António Ferro deixou herdeiros

Em época de crise depressiva, mesmo as maiores patetices podem servir de consolo. Anda aí por toda a parte um vídeo de recado de portugueses a finlandeses. Já o recebi em dezenas de mensagens - o que significa que há uma rede de cadeias de dezenas ou centenas de milhares de mensagens. Já foi visto no YouTube por 15000 pessoas. Está em destaque nos sítios do Público e do Expresso. Também em blogues respeitáveis. 
É pena que o vídeo esteja falado em inglês. Assim, para nossa vergonha, poderá ser visto por muitos estrangeiros, a rirem-se de tão tonta patrioteirice.
A coisa é tão primária que muitos dos amigos que mo mandaram se sentiram na obrigação de escrever “não concordo muito com o tom e acho que até há imprecisões, mas vale a pena ver”. Desculpem, mas não acho que valha a pena ver. Vi-o e fiquei confrangido. 
Começa logo pela invocação forte, motivo permanente de fundo, de uma bandeira inventada pelo salazarismo nas festas dos centenários. Lá está ela na capa do meu livro de instrução primária. Não se fica por aqui, para a minha memória evocada, a relação com o salazarismo. Muita e muita coisa neste vídeo me faz logo lembrar-me da propaganda do SNI. Pelo menos, dos 3 F, não falta futebol neste vídeo, podiam ter acrescentado Fátima e fado.
Mais, os erros - pior, mitos - são muitos, até aquelas coisas ridículas já mais do que desmontadas mas que continuam a confortar este povo pequenino, como se pensar que os japoneses, com toda a sua etiqueta e costumes refinados, precisaram que os portugueses lhes fossem ensinar a dizer “obrigado”, no século XVI.
Pior é que a maioria das comparações ou alusões às lusas virtudes são de um primarismo confrangedor, misturando coisas importantes da nossa história com mitos popularuchos, enaltecendo o rapazinho Ronaldo que os pobres finlandeses não têm, comparando Magalhães e Mourinho, envaidecendo-se com a miséria de a década de 60 ter gerado a emigração que justifica 20% de portugueses na população luxemburguesa (em que é que isto é motivo de orgulho, sem desprimor para os emigrantes que não tiveram culpa de o ser?).
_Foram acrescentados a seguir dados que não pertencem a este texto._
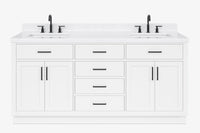 Ariel hepburn  71-73 in. double rectangle sink vanity with 0.75-1.5 in countertop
Fico por aqui, mas, repito, lamentando que a tristeza em que estamos leve gente de nível a rever-se em tão medíocre coisa.
Muito teria de concreto a desmontar neste vídeo, mas é melhor remeter para um excelente comentário de “catinga” a um “post” no “Duas ou três coisas”, muito bom blogue que devia estar acima deste patrioteirismo rasteiro e não lhe dar eco. Mas, afinal, também eu não estou a dar eco? Com uma diferença, estou a criticar, enquanto que todas as referências que vi são do tal tipo “há coisas menos corretas, mas vale a pena ver”. Não, não vale. Estamos em época em que é vital manter a lucidez, o sentido crítico e a superioridade intelectual.

Eu, que sou muito mais anteriano (açorianidade obriga) e cesariano do que pessoano, nestas alturas vou com Álvaro de Campos.

Que bom poder-me revoltar num comício dentro de minha alma!
Mas até nem parvo sou!
Nem tenho a defesa de poder ter opiniões sociais.
Não tenho, mesmo, defesa nenhuma: sou lúcido.
Não me queiram converter a convicção: sou lúcido!
Já disse: sou lúcido.
Nada de estéticas com coração: sou lúcido.
Merda! Sou lúcido.

Claro que não é bem assim. Tenho opiniões sociais e defendo-me com elas. E a minha lucidez faz-se em compromisso epicurista com a estética de coração (ou melhor, de consciência moral, embora a lucidez não se construa sobre “raciocínios morais”). Mas o essencial é que "merda, sou lúcido".